Santa Teresa Gallura ospiterà il 25 e 26 maggio la manifestazione Stazzi e Cussogghj 2019, del progetto Primavera in Gallura che, giunto alla ottava edizione, riporta alla memoria collettiva modi di vivere, arti, antichi mestieri e tradizioni scomparsi e spesso dimenticati.

Adriana e Daniele


Già nel 2017 Lu Coiu e Lu Bringhjsi, l’antico matrimonio gallurese, aveva visto una coppia convolare a nozze, secondo la tradizione. Questa edizione Adriana e Daniele saranno gli sposi che, attraverso un bando pubblico, hanno deciso di celebrare il matrimonio nella chiesa di Boncaminu, officiato da Don Peppino Masala.

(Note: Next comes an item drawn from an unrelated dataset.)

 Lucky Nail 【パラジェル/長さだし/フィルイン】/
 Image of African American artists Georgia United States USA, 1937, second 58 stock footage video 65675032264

Uno sposalizio che ricorda quelli antichi degli stazzi. Come da tradizione, la cerimonia è anticipata, la sera prima, dalla Pricunta, nella piazza di Santa Lucia, la richiesta della mano della futura sposa, che rivive con i simboli allegorici con cui le famiglie e la comunità usavano partecipare al rito. I parenti dello sposo si recano a casa della famiglia della sposa e, dopo uno scontro verbale fatto di sarcasmi e ironie, si conclude con la concessione della mano della ragazza da parte del padre, e con una festa fatta di balli, dolci e vermentino.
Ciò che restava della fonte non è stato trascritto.